Central Maine Power traces its origins to 1899, when engineer William Wyman and a partner hooked up a tiny hydro generator to serve 100 customers in Oakland. Today, CMP distributes power to 600,000 customers but generates no electricity. It has evolved into a small subsidiary of Iberdrola S.A., a worldwide energy company headquartered in a 40-story office building in Bilbao, Spain.
CMP’s detractors lament the lack of local control and the foreign ownership inherent in this corporate structure, but it’s part of an almost 20-year-old trend tied to the restructuring of the region’s electric industry.
For instance: Directors of Bangor Hydro Electric Co. voted in 2001 to sell the company to Emera, a Halifax, Nova Scotia-based diversified energy company. Nine years later, directors of Aroostook County’s leading utility, Maine Public Service, followed suit and became Canadian-owned. In 2013, both local names were dropped in favor of Emera Maine.

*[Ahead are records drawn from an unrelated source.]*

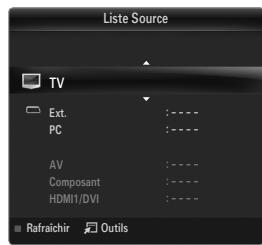SAMSUNG UE-40B8000XW - TV / Ext. / AV / Composant / PC / HDMI1/DVI / HDMI2 / HDMI3 / HDMI4 / USB 1 / USB 2 - 1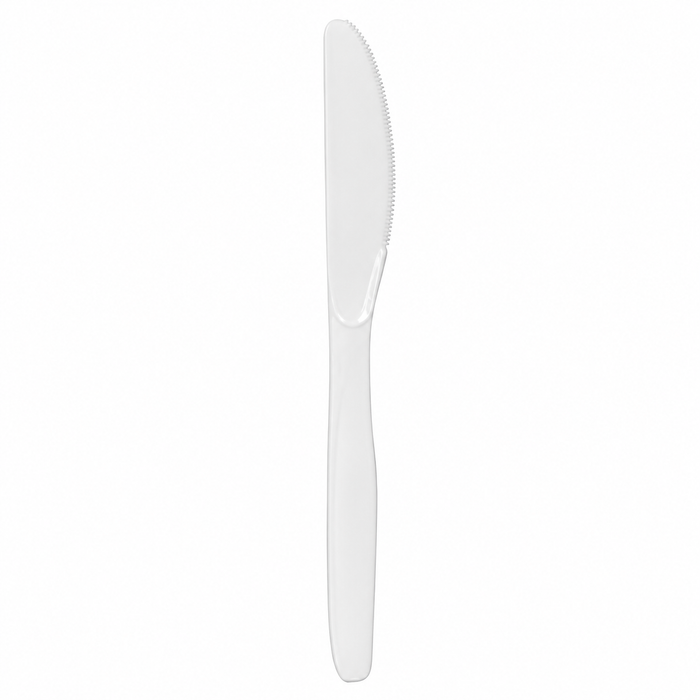 Empress - Medium Weight Polypro White Knives, 1000/Cs - E175003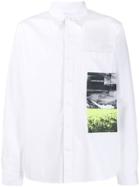 Calvin Klein Jeans Photographic Print Pocket Shirt - White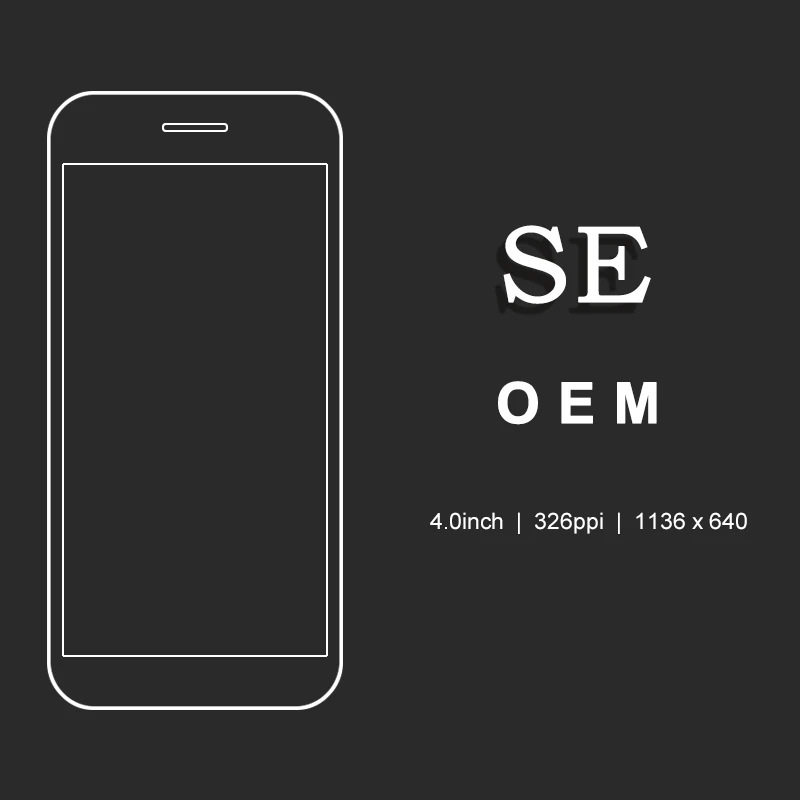 10 шт. OEM ЖК дисплей для iPhone SE с сенсорным экраном в сборе дигитайзер iphone 5S экран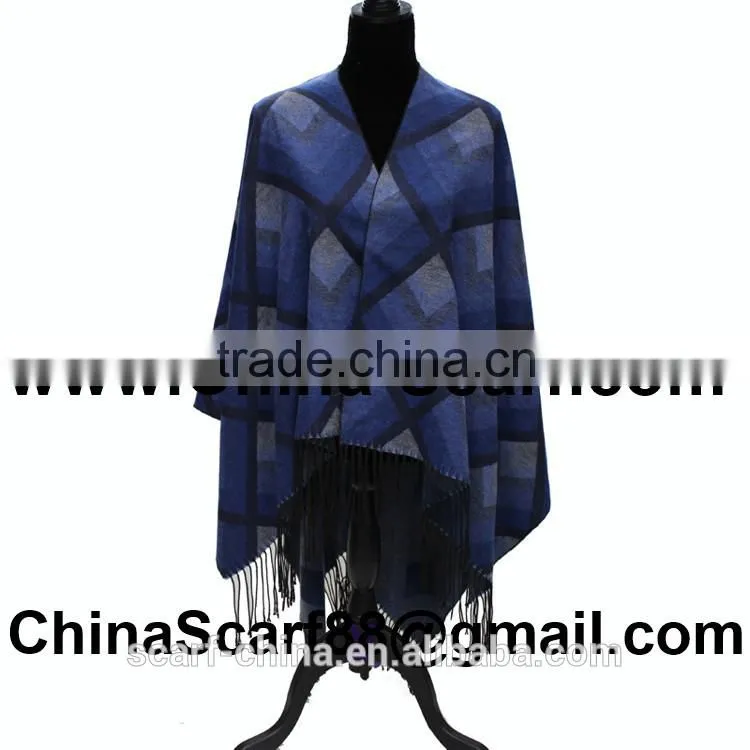 Wholesale fringed wool scarf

Beginning in 2000, National Grid, which is based in the United Kingdom, began buying electric and gas companies in the Northeast. It now owns utilities that serve 20 million people in Massachusetts, Rhode Island and New York.
NEW OWNERSHIP, NEW LOGO
CMP also was an investor-owned company with publicly traded stock until 2000. That’s when its directors voted to sell the Augusta-based utility to New York State Gas & Electric. The sale resulted in a holding company called Energy East.
In 2008, Iberdrola bought Energy East for $4.6 billion. CMP became a wholly owned subsidiary of Iberdrola USA. Two years later, as part of a new branding campaign, Iberdrola dropped CMP’s familiar Pine Tree logo. The current logo uses a green leaf that the company says represents respect for the environment. Blue and orange drops represent energy resources used by Iberdrola – blue for wind and water, orange for natural gas and the sun.
In 2015, Iberdrola USA bought UIL Holdings, a handful of gas and electric utilities in Connecticut for $3 billion and created a new investor-owned company called Avangrid. The new company reports $31 billion in assets and operates in 24 states. It has two primary divisions, Avangrid Renewables and Avangrid Networks. CMP is part of Networks.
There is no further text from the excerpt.